Lender Accused Of Improper Trash-Out After Selling Former REO To Michigan Homebuyer In All-Cash Deal
In Grand Rapids, Michigan, WOOD-TV Channel 8 reports:
- A Gowen couple is filing a federal suit against Deutsche Bank National Trust Company, saying the bank not only stole their belongings, but also, their sense of security. Rick and Sherry Rought say the same bank that sold them a home for their adult daughter is breaking into the house and treating it as a foreclosure.
- The family's plan was simple. The Roughts bought the foreclosed home in cash and fixed it up, then commuted from their primary home, moving in little by little. But six months after the purchase from Deutsche Bank, things started to get complicated.
- "We just went up there one day and there was a note on the door from this company -- a trash-out company," Rick Rought said. "The doors were broken into." The defendants not only changed the locks on the home, but stole some possessions, the Roughts said. All kinds of things were taken -- from a dining room set to the American flag mounted outside the home. "We looked and the curtains were gone, then we started to panic and when we went in, there was virtually nothing left," Sherry Rought said. "Everything was swept out and gone."

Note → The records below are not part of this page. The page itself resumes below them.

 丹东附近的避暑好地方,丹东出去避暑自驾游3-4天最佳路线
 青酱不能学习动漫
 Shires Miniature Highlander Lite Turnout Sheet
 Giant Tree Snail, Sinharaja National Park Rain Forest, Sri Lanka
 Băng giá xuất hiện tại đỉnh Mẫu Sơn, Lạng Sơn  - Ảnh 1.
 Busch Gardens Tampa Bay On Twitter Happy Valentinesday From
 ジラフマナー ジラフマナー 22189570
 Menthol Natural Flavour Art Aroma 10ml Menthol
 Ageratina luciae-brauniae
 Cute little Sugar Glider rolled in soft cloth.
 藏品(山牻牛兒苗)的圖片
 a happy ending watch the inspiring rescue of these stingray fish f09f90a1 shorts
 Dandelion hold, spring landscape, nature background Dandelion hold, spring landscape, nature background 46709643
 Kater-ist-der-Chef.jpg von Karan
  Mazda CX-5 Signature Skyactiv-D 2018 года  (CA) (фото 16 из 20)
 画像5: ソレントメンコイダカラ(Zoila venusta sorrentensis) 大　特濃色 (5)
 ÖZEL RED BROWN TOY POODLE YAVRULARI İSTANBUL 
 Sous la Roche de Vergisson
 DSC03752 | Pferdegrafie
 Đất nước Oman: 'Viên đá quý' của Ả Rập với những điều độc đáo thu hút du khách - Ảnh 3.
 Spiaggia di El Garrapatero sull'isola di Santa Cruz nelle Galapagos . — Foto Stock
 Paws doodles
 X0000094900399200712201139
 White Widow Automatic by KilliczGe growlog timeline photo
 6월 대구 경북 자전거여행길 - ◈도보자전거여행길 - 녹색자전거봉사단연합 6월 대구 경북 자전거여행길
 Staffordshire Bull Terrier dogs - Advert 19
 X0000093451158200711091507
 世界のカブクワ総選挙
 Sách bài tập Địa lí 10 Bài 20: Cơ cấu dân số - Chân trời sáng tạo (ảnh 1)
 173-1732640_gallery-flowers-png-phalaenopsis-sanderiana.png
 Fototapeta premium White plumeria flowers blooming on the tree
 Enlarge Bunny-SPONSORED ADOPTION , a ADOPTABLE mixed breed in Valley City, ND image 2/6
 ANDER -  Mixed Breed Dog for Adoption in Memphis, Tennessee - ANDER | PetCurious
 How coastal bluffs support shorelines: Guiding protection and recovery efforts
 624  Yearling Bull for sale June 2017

- The couple got the Michigan State Police involved, but the investigation led to dead ends: unreturned messages at Deutsche Bank and a third-party company, Field Asset Services, hired by the bank to maintain the property during foreclosure. Field Asset Services broke into the home two other times, the Rought family said, treating the property as though it was still foreclosed.
For the story, see 'Bank acts like home is a foreclosure' (Gowen couple files lawsuit against Deutsche Bank).
See also, WZZM-TV Channel 13: Family's recently purchased home, gutted by property removal service:
- The Roughts are telling their story with help from Massachusetts attorney's Joseph DeMello and Carlin Phillips. "They have suffered what many people throughout the United States have been suffering and that is unconscionable conduct at the hands of these multi-billion dollar banks," says DeMello.(1)
(1) DeMello currently represents a Massachusetts couple who got similarly screwed when they bought a foreclosing lender's REO on an all-cash basis, only to have the premises trashed out shortly thereafter. See ABC News: No Mortgage, Still Foreclosed? Bank of America Sued for Seizing Wrong Homes (In the Last Four Months, Three Homeowners Have Sued Bank of America for Mistakenly Foreclosing on Their Homes).
1 comment:
I'm representing a family in WA state that had their property seized prematurely by GMAC,FAFS and a local contractor. In WA,the owner has 20days after the auction before anyone has standing to make them leave. My clients did not get 20 days, it was 10 or so, and their personal property was taken to the dump or sold to the neighbors.
GMAC knew the timing exactly as they moved to lift the bankruptcy stay so they could foreclose.